Notre Président au Kazakhstan, voilà bien un scénario épique sur lequel les services de communication de l’Elysée et les journalistes des JT devaient ourler une saga endiablée. Pourtant, elle m’avait échappée. A cause de mon téléviseur boudeur. Tombé en carafe justement ce jour où le Kazakhstan s’étalait à la une de l’actualité. Ce dimanche, alerté par les impayables « Kazakhes chocs » du Panique au Mangin Palace de France Inter, je décidai de me rattraper sur Internet.
Rien dans les JT du lundi. Je pensais que les télés allaient annoncer l’envol de Notre Président, écrire le prologue d’un récit lyrique qui nous conterait par le menu, steppe by steppe, les aventures de notre Michel Strogoff du XXIe siècle. Mais non, rien. Certains parlaient bien de « Sarkozy au secours des PME fragilisées par la crise » mais ça n’avait rien à voir avec des chevauchées fantastiques.

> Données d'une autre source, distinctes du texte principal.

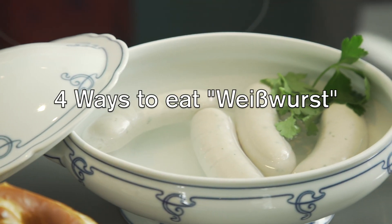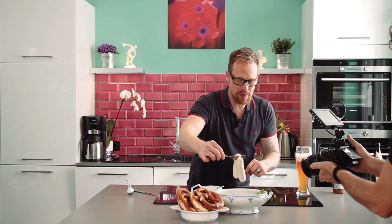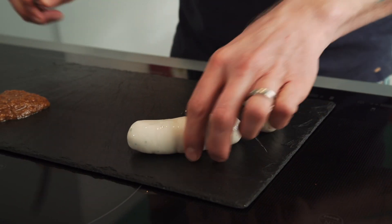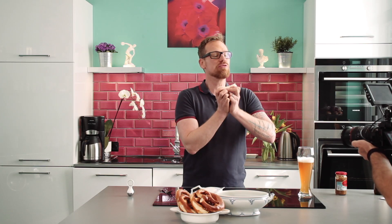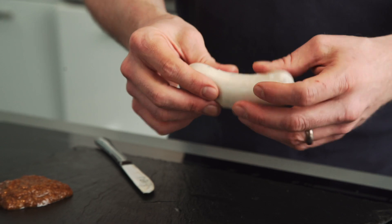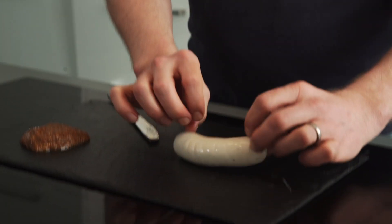Let's start to eat Weisswurst. I will show you a couple of different ways how you can eat it without having an accident. Weisswurst always comes in pairs of two, so first of all you cut this off. There's one thing you must know: it comes in a very thick skin. It's an absolute don't to ever eat a Weisswurst with the peel, because these are the guts of a pork and they are sort of like rubber — you don't really want to eat them. The challenge is to get rid of this peel very easily and comfortably.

Rien dans les JT de mardi sur TF1 et M6. Pas même une brève, le jour même de la visite historique de Notre Président ! Soit je suis victime d’un complot : ma connexion Internet a décidé de se solidariser avec ma connexion au câble et de saboter mon amour pour l’Asie centrale jusqu’à ce que sa collègue soit réhabilitée. Soit ce sont TF1 et M6 qui sont eux-mêmes victimes d’un complot : les deux chaînes privées sont noyautées par l’ultragauche antikazakhe.
France 2 ne fit guère mieux. Certes, le service public ne niait pas l'événement mais David Pujadas se contentait d’une brève en images avec un minuscule extrait du discours présidentiel. C’est tellement riquiqui que je vous le livre en intégralité. « En bref, une visite express pour le président Sarkozy au Kazakhstan, en Asie centrale. Voyage marqué par une série d’accords de coopération et de contrats commerciaux pour près de 4 milliars d’euros pour la construction d’un oléoduc, d’un tramway ou encore l’exploitation du gaz de la mer Caspienne. Nicolas Sarkozy, pressé de questions aussi sur le non-respect des droits de l’homme au Kazakhstan. On écoute le président de la République : “Je pense également que la meilleure façon de résoudre les problèmes, car il y a des problèmes et j’en ai parlé avec le président, c’est pas forcément de venir en donneur de leçon. C’est de venir en ami pour essayer de trouver des solutions.” »
Où David Pujadas a-t-il entendu que Notre Michel Strogoff parlait de « non-respect des droits de l’homme » ? [Notons le singulier euphémisme qui consiste à remplacer « violations » par « non-respect »… Plus étrange encore : quand une joggueuse se fait violer et assassiner à Milly, les JT emploient assez peu l’expression « non-respect des joggueurs ».] Dans son discours, Notre Président ne prononce jamais les mots « droits de l’homme » et encore moins « non-respect ». Il parle seulement de « problèmes ». Il suffit de lire le nom des entreprises bénéficiaires des contrats signés avec son « ami » pour comprendre que les « problèmes » en question sont purement d’ordre écologique : Areva, Total, GDF-Suez, Vinci, EADS, Alstom, Thales… Des PME françaises qui, ayant pris conscience depuis longtemps des enjeux du réchauffement climatique, ont acquis une formidable avance technologique dans le domaine des énergies renouvelables et des armements durables. [Notons encore que Vinci, entreprise de BTP qui construit des oléoducs écolos, est le principal concurrent de Bouygues – mais cela ne saurait justifier le silence de TF1].
Si Nicolas Sarkozy, dont on sait qu’il est obsédé par l’écologie, a pris la peine de boire du lait de jument fermenté avec son homologue Noursoultan Nazarbaïev, c’est donc pour défendre les principes du Grenelle de l’environnement jusqu’au Kazakhstan. Alors, pourquoi aucun JT n’en dit mot ? Que signifie cette terrible omerta ? Ça ne se passera pas comme ça ! Je m’élève avec vigueur (comme on dit dans les JT) contre cette censure manifeste. Je vais de ce pas saisir le CSA pour « non-respect du Kazakhstan et de Notre Président ».